• _About this exercise_
The records below must be reproduced exactly, excluding any pictures.

Image-caption web data
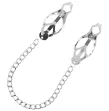 DARKNESS - NIPPELKLEMME AUS METALL MIT KETTE DARKNESS - NIPPELKLEMME AUS METALL MIT KETTE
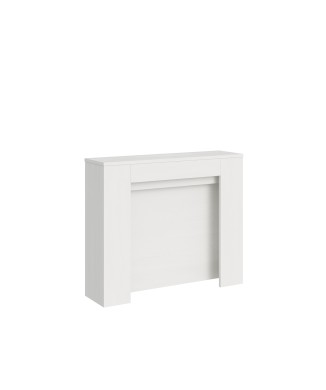 Kiba Console - Extendable console 90x25/211 cm Kiba White Ash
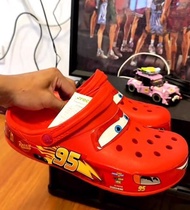 Cars x Crocs Classic clog Lightning McQueen 成人兒童款 洞洞鞋 汽車人 會發光 紅色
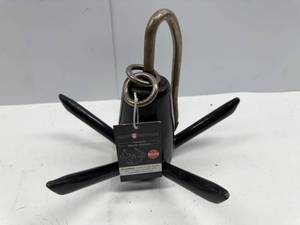 lot 115 image: Extreme Max BoatTector Vinyl-Coated Spike Anchor - 18 lb. -  3006.6645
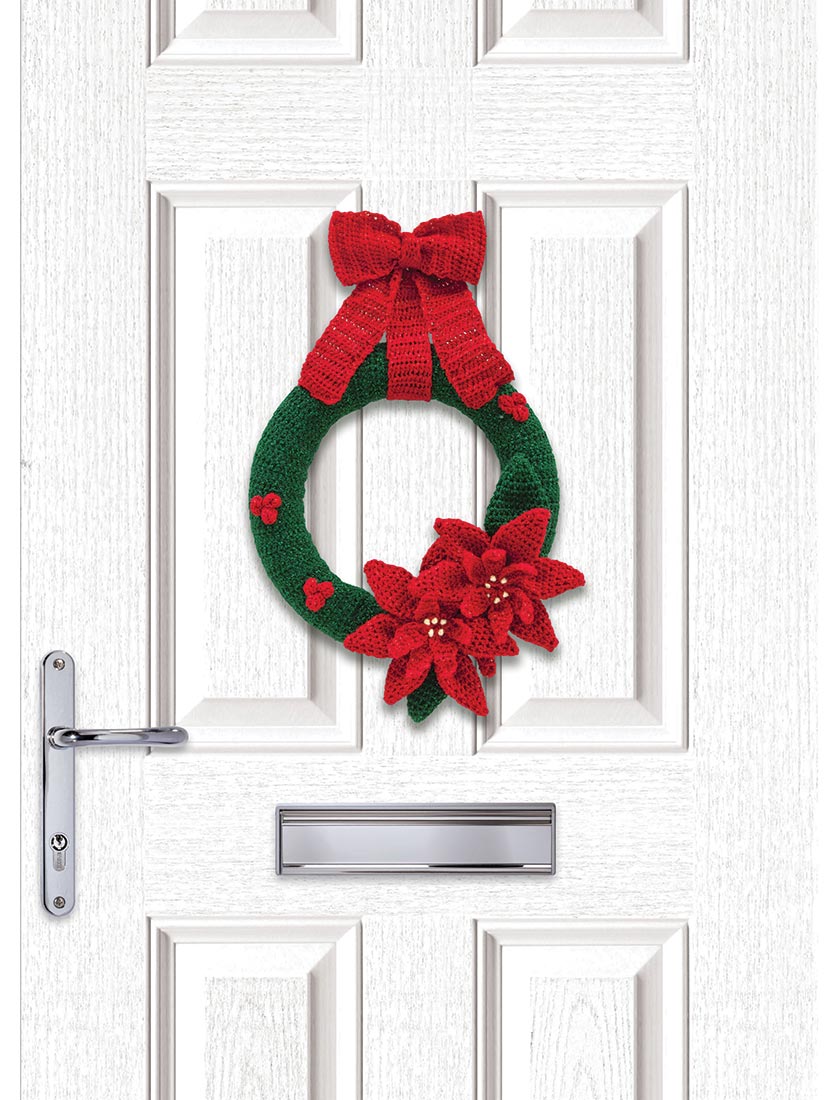 Poinsettia Wreath Pattern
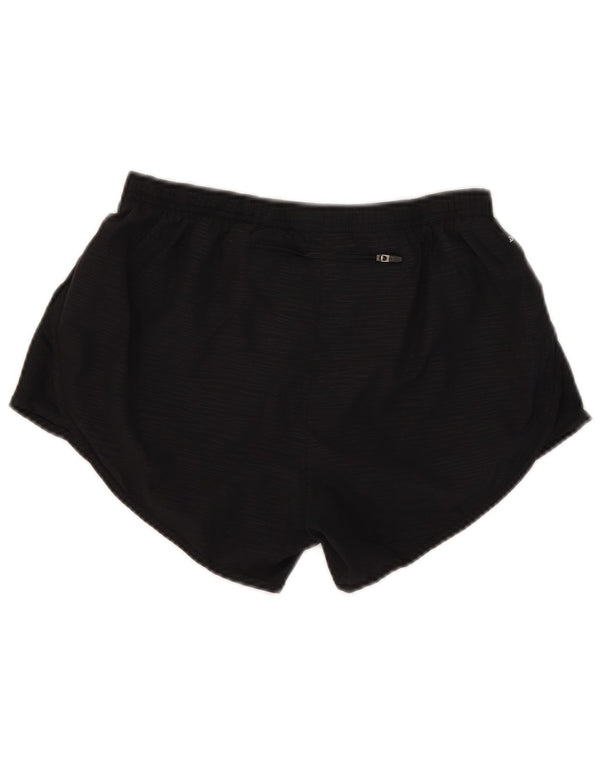 Nike Pantalones cortos deportivos Dri Fit para mujer UK 10 Small Black Stripes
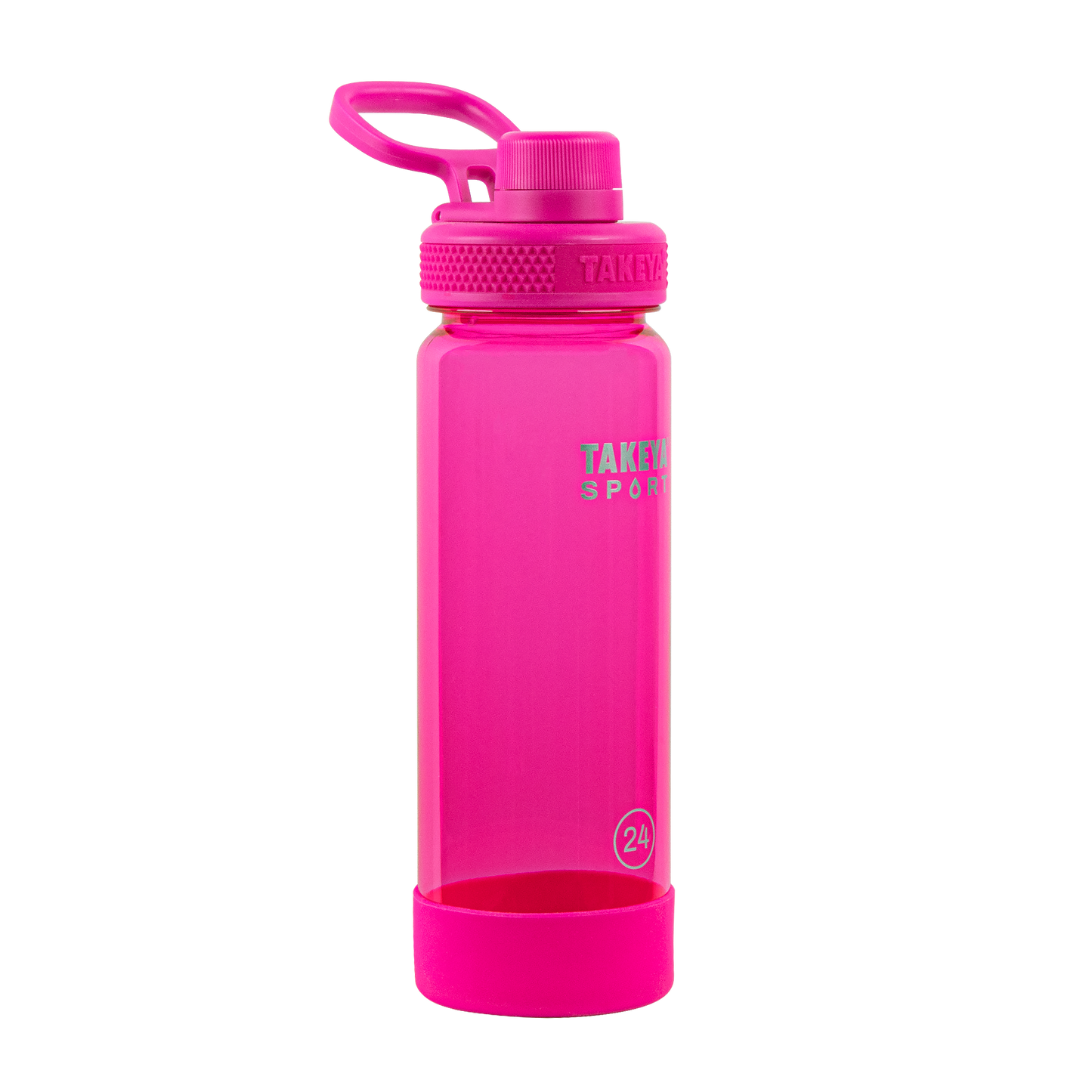 tritan-sport-water-bottle-with-spout-lid-e6 51671-TKS-Tritan-Spout-24-PinkSweep-frontangle.png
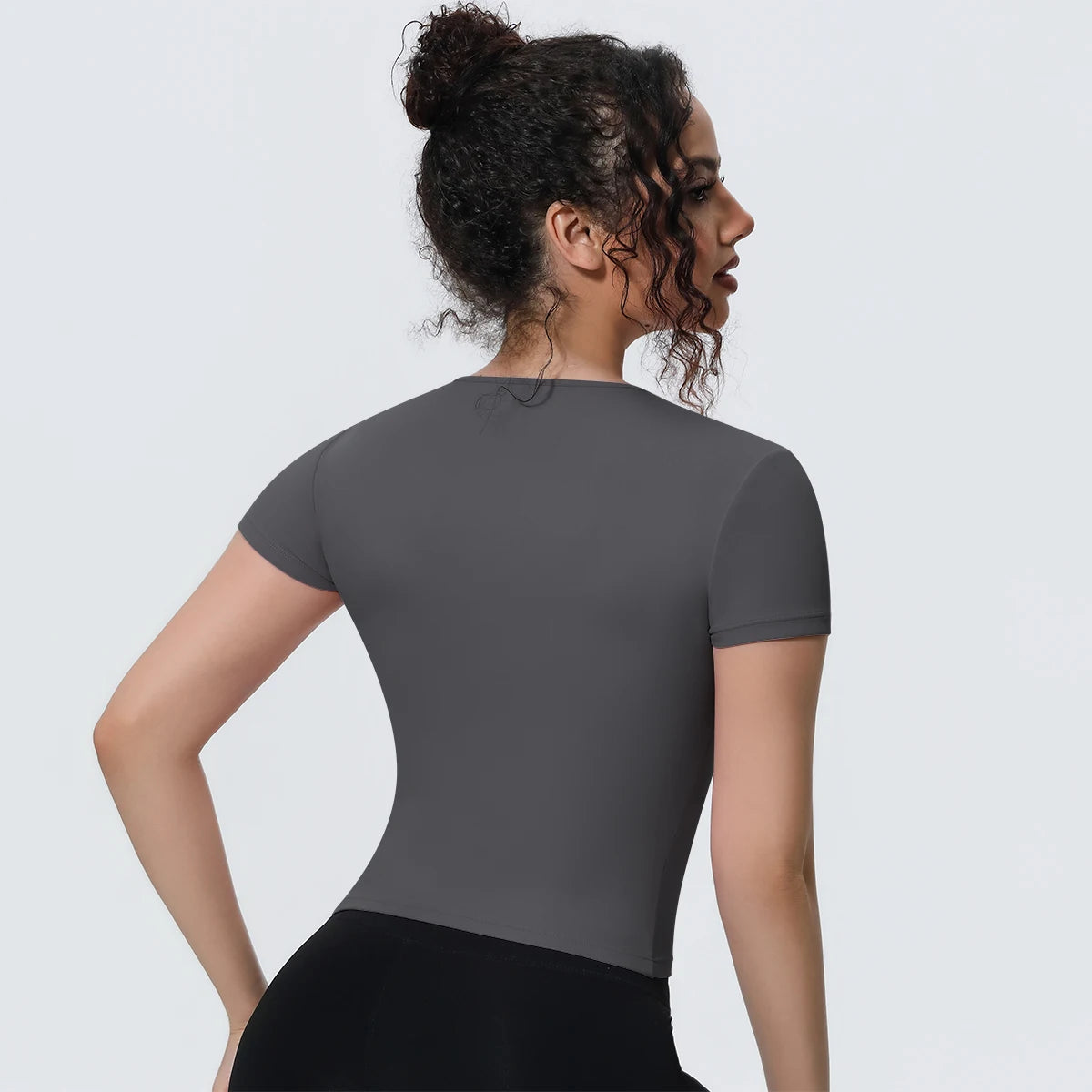 Breathable Solid Color Gym Running Shirts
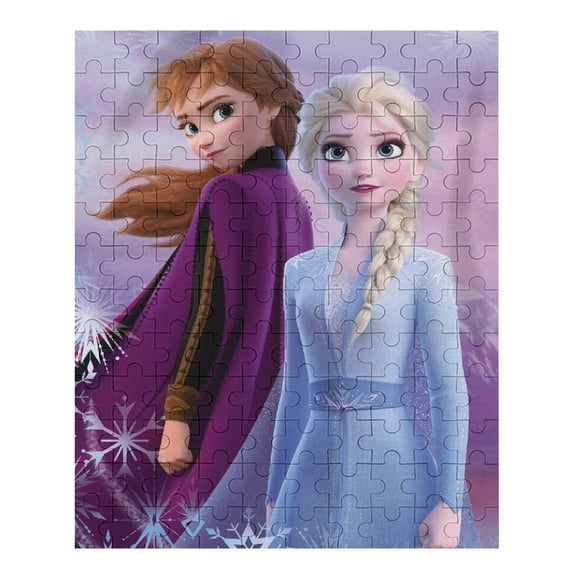 70 PCS Jigsaw Puzzle Frozen Cartoon Wooden Puzzle Challenging Game Fun Artwork For Family Friends Gifts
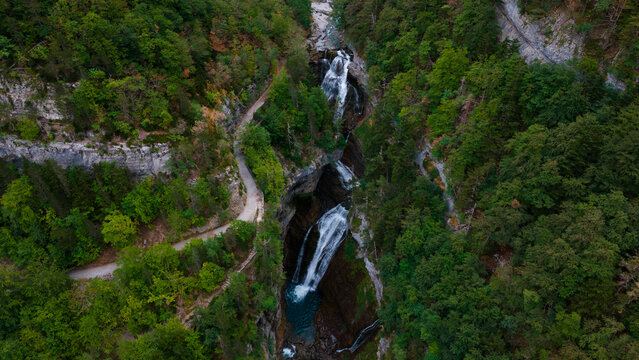Estrecho waterfall. Ordesa Natural park. Huesca. Spain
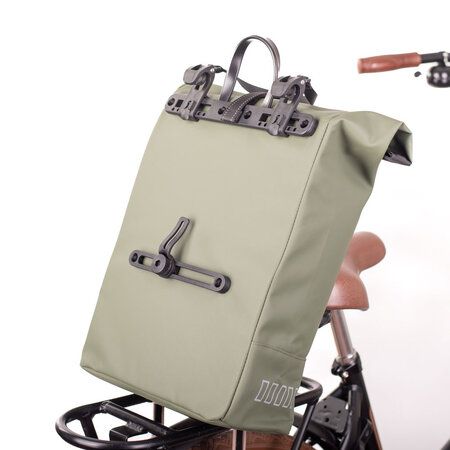 Urban Proof Enkele fietstas Rolltop Recycled 20L Groen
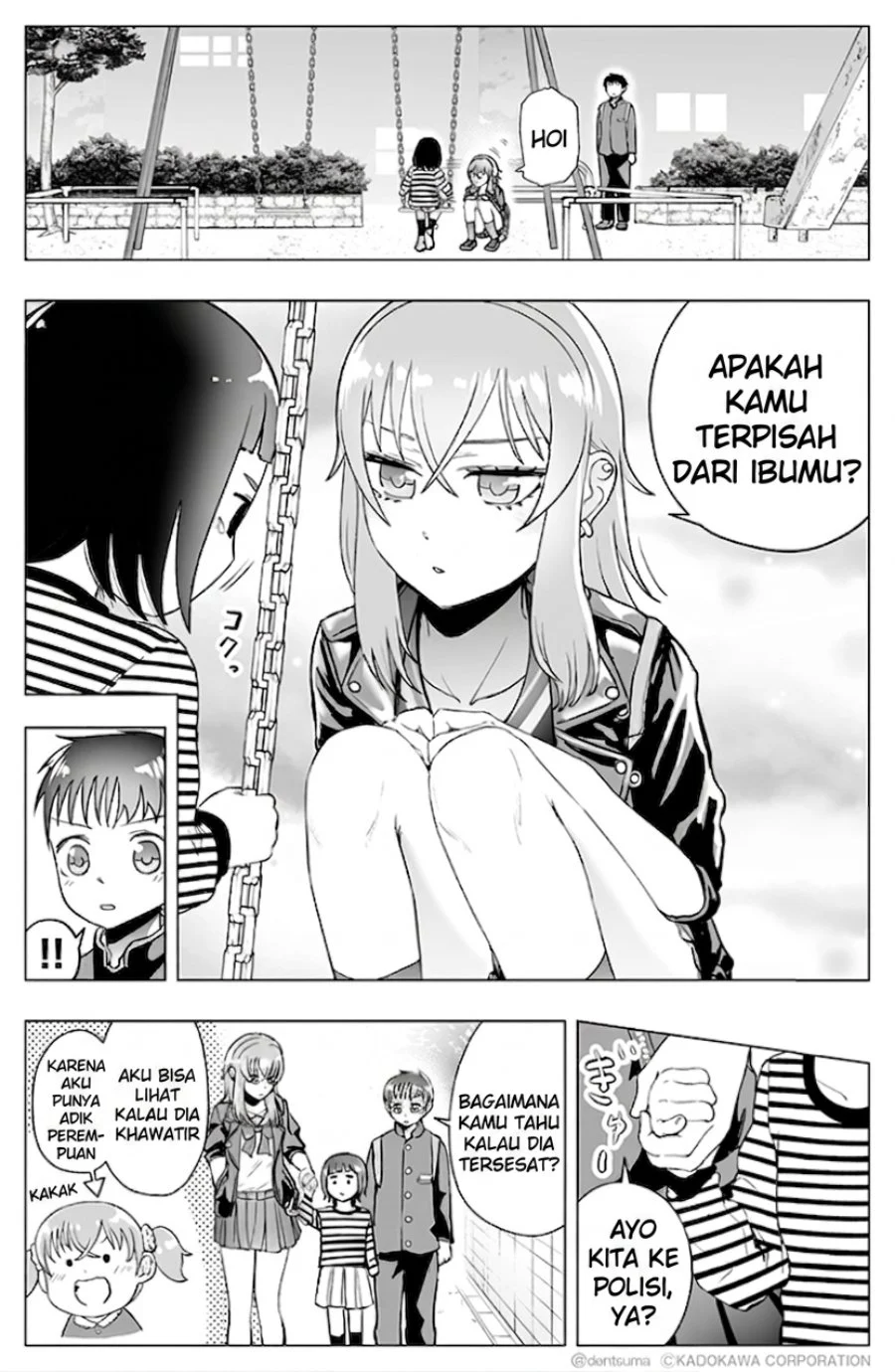 Tonari no Seki no Yankee JK no Jakuten Chapter 19 Gambar 3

• _Solution_
 DARKNESS - NIPPELKLEMME AUS METALL MIT KETTE DARKNESS - NIPPELKLEMME AUS METALL MIT KETTE
 Kiba Console - Extendable console 90x25/211 cm Kiba White Ash
 Cars x Crocs Classic clog Lightning McQueen 成人兒童款 洞洞鞋 汽車人 會發光 紅色
 lot 115 image: Extreme Max BoatTector Vinyl-Coated Spike Anchor - 18 lb. -  3006.6645
 Poinsettia Wreath Pattern
 Nike Pantalones cortos deportivos Dri Fit para mujer UK 10 Small Black Stripes
 tritan-sport-water-bottle-with-spout-lid-e6 51671-TKS-Tritan-Spout-24-PinkSweep-frontangle.png
 Breathable Solid Color Gym Running Shirts
 70 PCS Jigsaw Puzzle Frozen Cartoon Wooden Puzzle Challenging Game Fun Artwork For Family Friends Gifts
Estrecho waterfall. Ordesa Natural park. Huesca. Spain
 Urban Proof Enkele fietstas Rolltop Recycled 20L Groen
 Tonari no Seki no Yankee JK no Jakuten Chapter 19 Gambar 3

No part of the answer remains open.